BEGIN

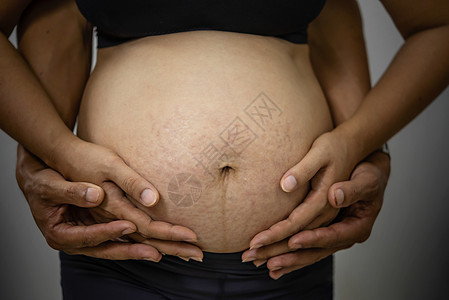 怀孕的亚洲孕妇女性婴儿母亲白色母性黑色家庭肚子父母病人图片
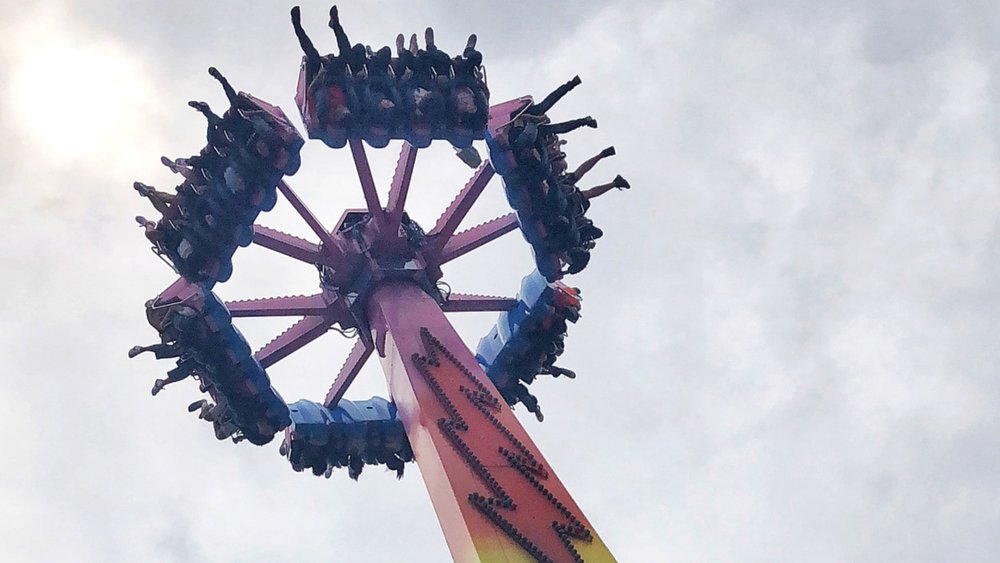 One second you’re up, and the next you’re down! Image credits: @zaglaifilms Ocean Park Hong Kong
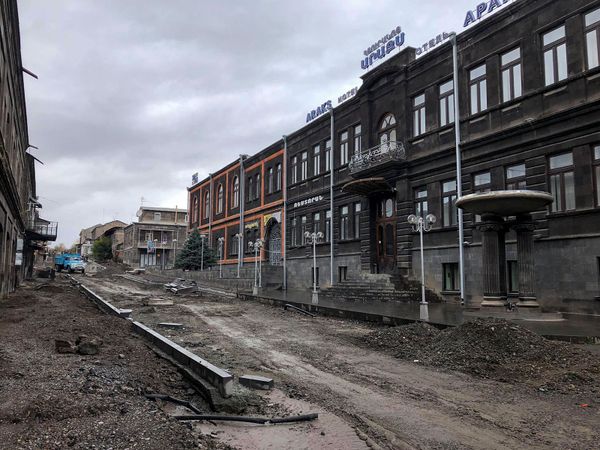 В Гюмри только на старых машинах: гостям города нужно запастись резиновыми сапогами? - Sputnik Армения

END

All of the material goes into the answer exactly as it stands, except for the pictures.

ANSWER BOX ->
 怀孕的亚洲孕妇女性婴儿母亲白色母性黑色家庭肚子父母病人图片
 One second you’re up, and the next you’re down! Image credits: @zaglaifilms Ocean Park Hong Kong
 В Гюмри только на старых машинах: гостям города нужно запастись резиновыми сапогами? - Sputnik Армения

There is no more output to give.